Chapter 1 Magellan

Magellan

Her back to the window, the curtain drawn, Magellan ran delicate fingers up and down her electric piano with her headphones on, searching for the song from her dreams last night. Cocooned in her robe, her morning coffee growing cold, she closed her eyes and let her hands have free roam.

How did it go?

The melody began to crystallize as she carved it out with the keys, over and over, to find the beginnings of the song’s shape. On the cusp of snatching more from the ethers, her cell phone shook and blared a ringtone belonging to one person: her best friend and roommate, Wren.
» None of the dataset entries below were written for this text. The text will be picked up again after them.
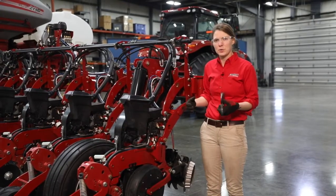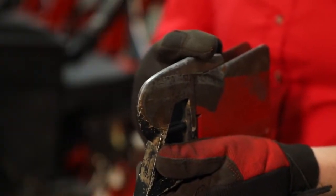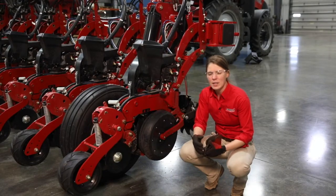Next we are going to check that our furrow firming point is still in place and doesn't have any chips to it. We're going to feel for that right underneath the row unit here. This is specifically recommended for rocky conditions to make sure that is still intact.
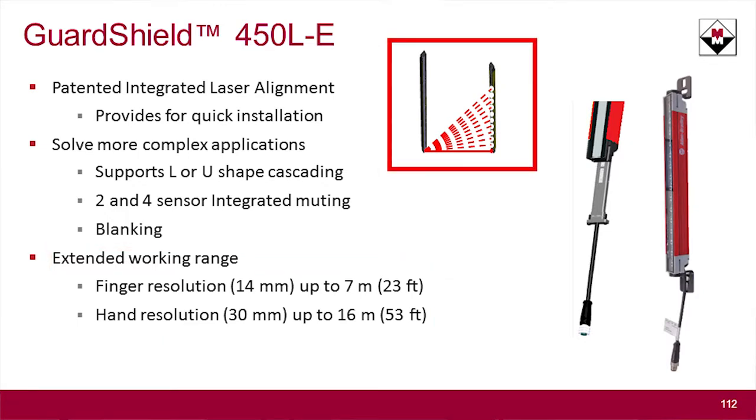Going back to the laser alignment, it's kind of cool — it actually provides a single plane of lasers rather than just a single dot, which is nice because it can help you with both angular and directional laser alignment.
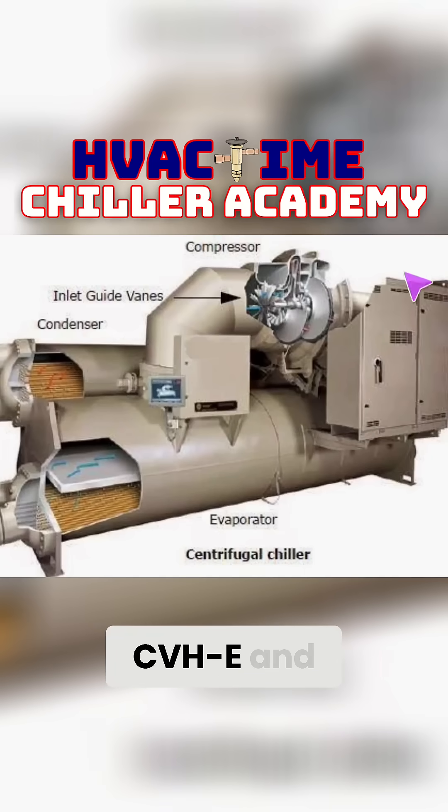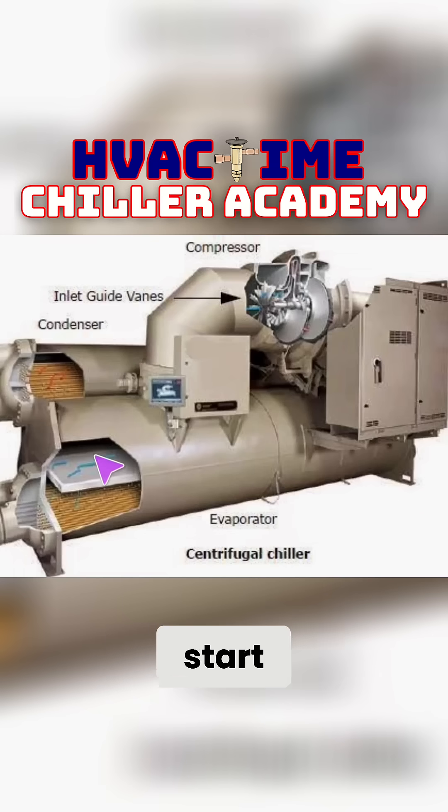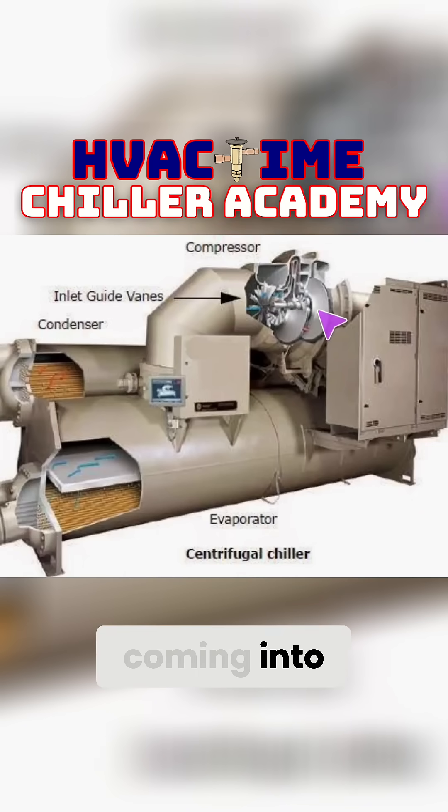The Trane centrifugal CVHE and CVHF series chillers — let's start with the basics. At the end of the day, you have an evaporator and a condenser; everything is still the same. This is your suction line coming into the compressor, and on the other side it comes out into the condenser.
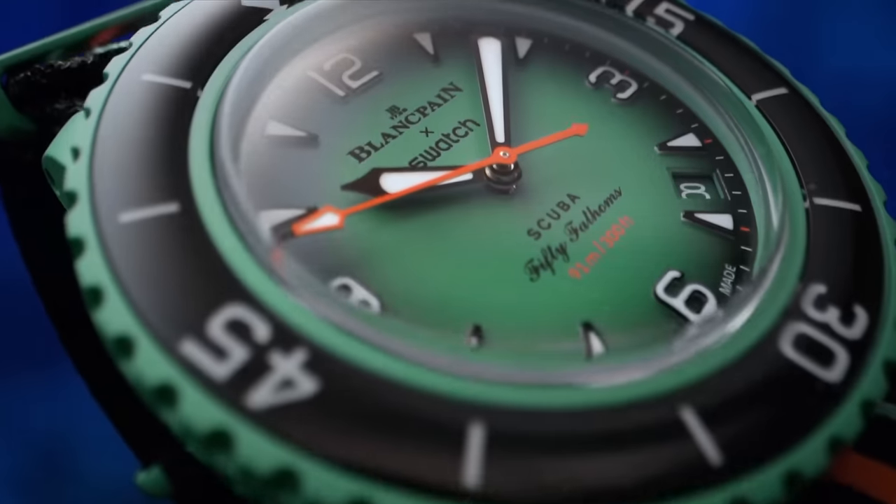The Swatch Group have just announced their latest money-making project. It's in collaboration with Blancpain — it's the 50 Fathoms — and this is why I think it's garbage, but also genius.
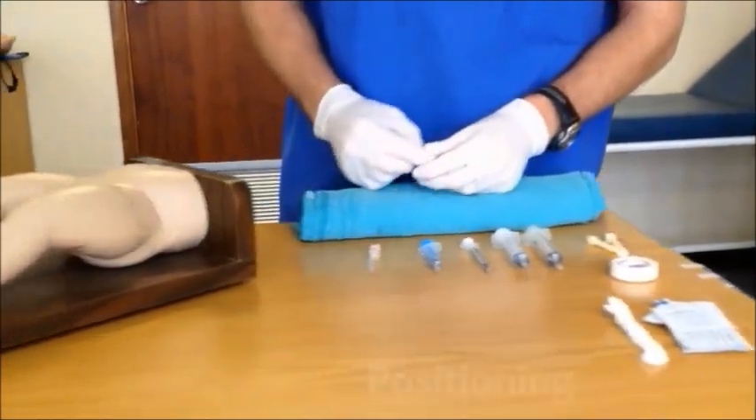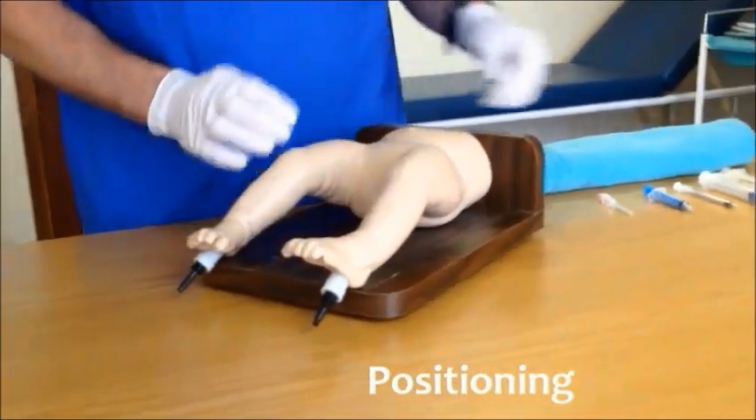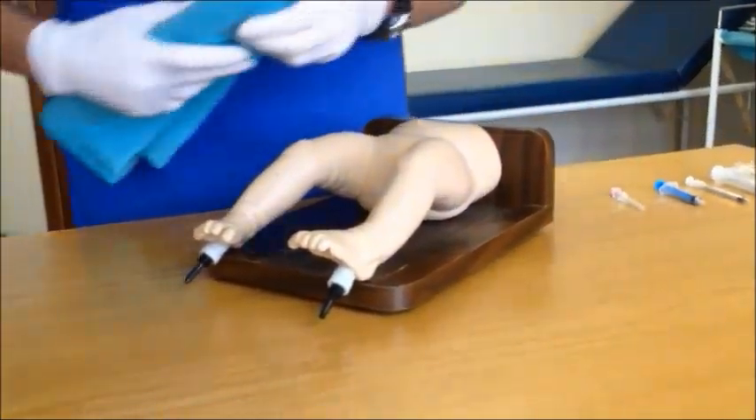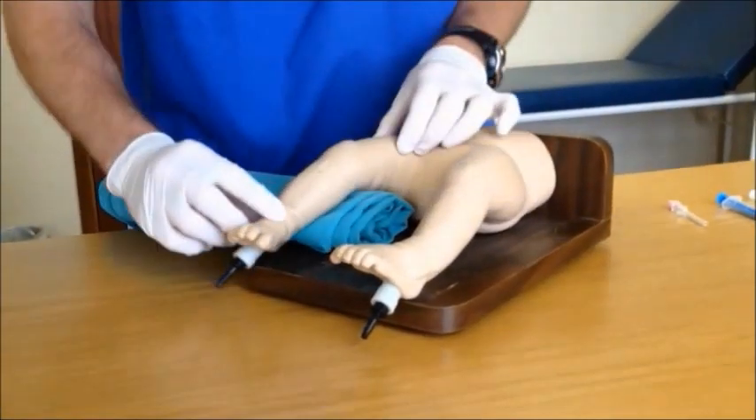The first step when inserting an intraosseous line in a child is to position the child correctly. The child should be on their back with a blanket roll behind the knee to keep the leg gently flexed.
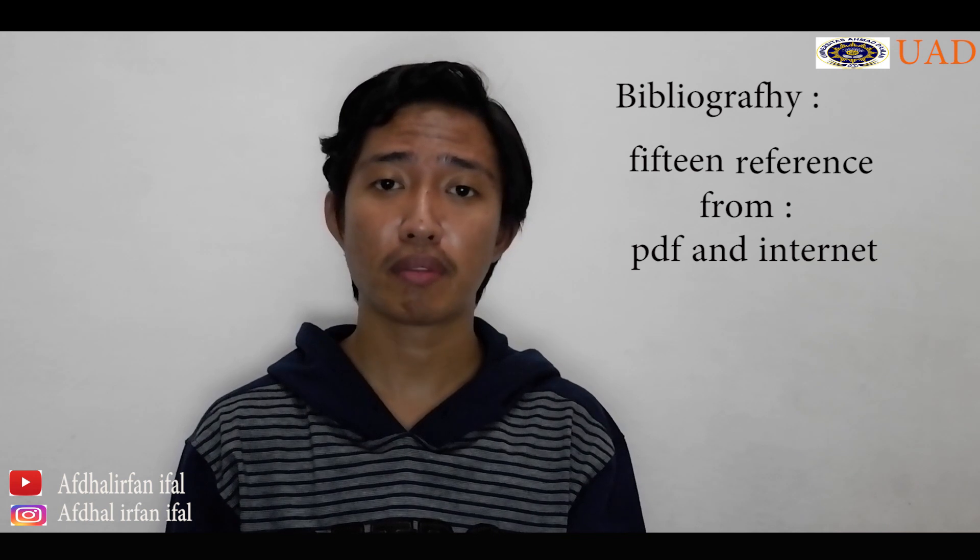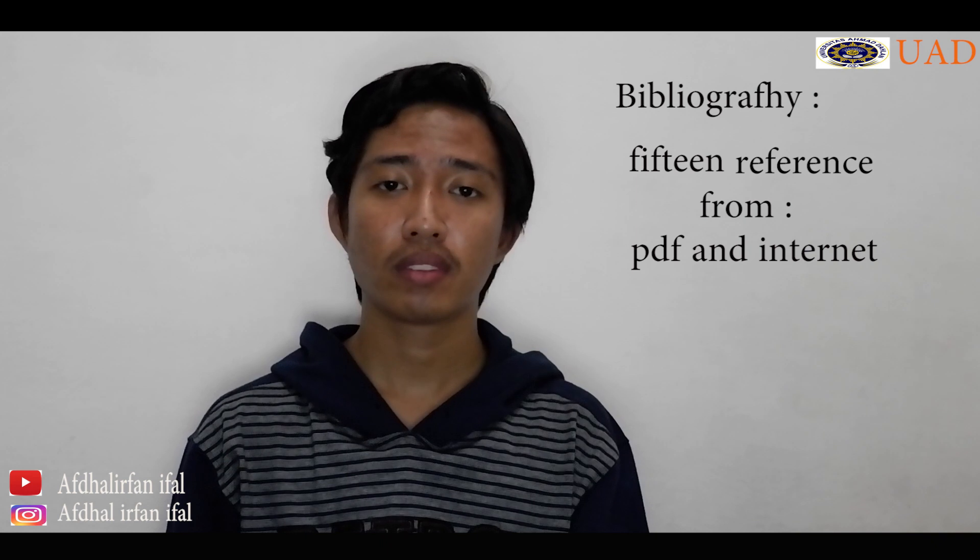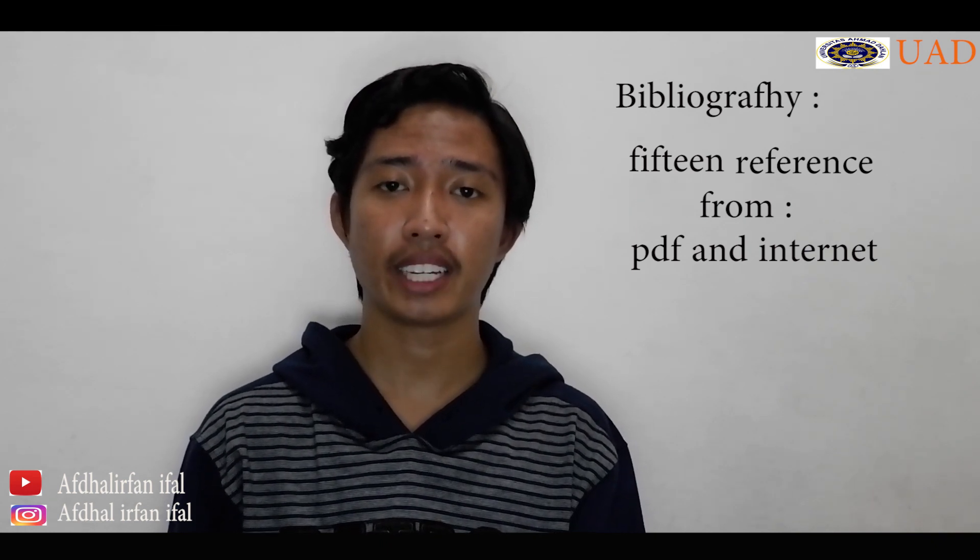The fourth part is the bibliography, with 15 references that I obtained from PDFs and the internet. That was the brief explanation of my scientific reading. Thank you, bye bye.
Wren’s call broke her concentration and pushed the song back into the recesses of her mind. She took her headphones off with a sigh and answered.

“Happy birthday to youuuuuuu,” Wren serenaded her as only an opera singer could and ended with a crescendo, hitting the A above high C.

Magellan laughed, taking a sip of her coffee, a delicious French roast Wren brewed every morning. “Thank you. That was magnificent.”

“Happy birthday,” Wren said and rushed on in excitement. “Have you looked at the sky yet? It’s freaking incredible!”

“You do remember who you’re talking to.”

Of the top phobias people had in the world—fear of heights, water, flying, storms, spiders, public speaking, and the dentist—Magellan was pretty sure she had them all.

“Mags. No. Just no. You have to look. There’s an actual aurora borealis in the sky right now.”

“What?” Magellan jumped up and was at the living room window in two steps. Bracing herself, she pulled back the curtain and worked to keep her equilibrium. Their apartment was only on the third floor, but still.

What she saw made her momentarily forget her fear of heights. The sky was so beautiful she felt the urge to step out on the patio, something she hadn’t done the whole time she’d lived there.

“I have to get back to rehearsal,” Wren said. “Turn on the news. It’s happening everywhere.” Then she hung up.

Magellan hesitated and decided to keep the curtain open. The sky was amazing, like a stunning painting she couldn’t look away from. She turned on the TV. Wren was right. The aurora borealis was breaking news and happening all over the world.

On one station the weatherman said with a cheery smile, “Well, folks, today we have a surprise party in the sky. Experts believe this is a passing global magnetic storm, and the National Weather Service is projecting it will be over in a week. So until then, sit back and enjoy the show.”

Another station had a much less cheery take.

A grim-looking reporter said, “Everyone needs to know this atmospheric phenomenon happens in the Arctic region,” he stressed.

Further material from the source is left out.